Description of the task: Only the lines from the one that contains "Рецепт острые креветки с манго" through the last line of the records should appear, each printed exactly as it is.

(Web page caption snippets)
********
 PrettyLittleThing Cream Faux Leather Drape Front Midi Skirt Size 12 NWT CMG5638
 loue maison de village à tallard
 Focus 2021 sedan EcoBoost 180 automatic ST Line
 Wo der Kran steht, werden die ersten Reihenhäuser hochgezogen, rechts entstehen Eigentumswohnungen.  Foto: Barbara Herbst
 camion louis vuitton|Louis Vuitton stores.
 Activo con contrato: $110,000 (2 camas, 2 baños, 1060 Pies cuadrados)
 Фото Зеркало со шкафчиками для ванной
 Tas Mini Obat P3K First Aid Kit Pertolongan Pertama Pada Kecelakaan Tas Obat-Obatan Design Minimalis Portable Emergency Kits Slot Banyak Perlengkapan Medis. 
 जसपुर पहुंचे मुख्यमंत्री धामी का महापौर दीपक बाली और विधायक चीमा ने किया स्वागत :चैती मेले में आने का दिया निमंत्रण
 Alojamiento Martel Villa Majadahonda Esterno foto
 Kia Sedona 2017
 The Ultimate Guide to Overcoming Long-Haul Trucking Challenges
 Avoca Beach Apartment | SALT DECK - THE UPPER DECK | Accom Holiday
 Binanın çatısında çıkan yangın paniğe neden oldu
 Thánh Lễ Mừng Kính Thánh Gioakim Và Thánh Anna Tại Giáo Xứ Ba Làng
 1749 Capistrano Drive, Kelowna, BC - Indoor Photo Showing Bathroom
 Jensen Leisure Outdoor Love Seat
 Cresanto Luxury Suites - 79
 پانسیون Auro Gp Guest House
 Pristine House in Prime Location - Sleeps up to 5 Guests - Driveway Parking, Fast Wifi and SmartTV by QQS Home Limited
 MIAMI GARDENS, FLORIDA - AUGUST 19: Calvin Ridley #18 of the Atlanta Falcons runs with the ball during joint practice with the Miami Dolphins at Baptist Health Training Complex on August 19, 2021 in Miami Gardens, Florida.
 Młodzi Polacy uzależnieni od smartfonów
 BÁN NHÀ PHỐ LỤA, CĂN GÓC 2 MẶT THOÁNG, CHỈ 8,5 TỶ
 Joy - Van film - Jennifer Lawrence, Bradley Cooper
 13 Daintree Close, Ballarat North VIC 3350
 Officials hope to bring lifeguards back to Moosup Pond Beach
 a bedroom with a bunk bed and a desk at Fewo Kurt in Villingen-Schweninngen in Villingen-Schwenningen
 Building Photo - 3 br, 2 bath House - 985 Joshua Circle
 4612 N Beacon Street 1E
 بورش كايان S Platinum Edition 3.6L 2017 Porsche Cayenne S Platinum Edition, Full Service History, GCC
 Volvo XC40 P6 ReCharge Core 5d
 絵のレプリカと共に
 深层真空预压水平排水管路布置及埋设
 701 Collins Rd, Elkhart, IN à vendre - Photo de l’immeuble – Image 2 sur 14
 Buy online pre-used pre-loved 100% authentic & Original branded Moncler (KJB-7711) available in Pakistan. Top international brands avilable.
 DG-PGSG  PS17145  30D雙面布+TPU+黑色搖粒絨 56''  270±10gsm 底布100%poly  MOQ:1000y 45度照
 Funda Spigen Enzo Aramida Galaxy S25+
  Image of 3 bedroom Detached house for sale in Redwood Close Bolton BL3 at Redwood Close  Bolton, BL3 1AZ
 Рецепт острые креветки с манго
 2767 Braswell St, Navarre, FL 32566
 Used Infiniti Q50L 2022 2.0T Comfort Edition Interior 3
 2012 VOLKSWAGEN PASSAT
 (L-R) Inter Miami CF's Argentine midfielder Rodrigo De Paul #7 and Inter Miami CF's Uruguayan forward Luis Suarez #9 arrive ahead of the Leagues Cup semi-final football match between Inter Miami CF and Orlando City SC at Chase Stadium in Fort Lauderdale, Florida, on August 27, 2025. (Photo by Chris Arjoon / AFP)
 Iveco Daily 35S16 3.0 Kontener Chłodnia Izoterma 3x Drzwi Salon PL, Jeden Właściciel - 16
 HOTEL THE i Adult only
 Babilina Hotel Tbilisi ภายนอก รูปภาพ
********
Response:
 Рецепт острые креветки с манго
 2767 Braswell St, Navarre, FL 32566
 Used Infiniti Q50L 2022 2.0T Comfort Edition Interior 3
 2012 VOLKSWAGEN PASSAT
 (L-R) Inter Miami CF's Argentine midfielder Rodrigo De Paul #7 and Inter Miami CF's Uruguayan forward Luis Suarez #9 arrive ahead of the Leagues Cup semi-final football match between Inter Miami CF and Orlando City SC at Chase Stadium in Fort Lauderdale, Florida, on August 27, 2025. (Photo by Chris Arjoon / AFP)
 Iveco Daily 35S16 3.0 Kontener Chłodnia Izoterma 3x Drzwi Salon PL, Jeden Właściciel - 16
 HOTEL THE i Adult only
 Babilina Hotel Tbilisi ภายนอก รูปภาพ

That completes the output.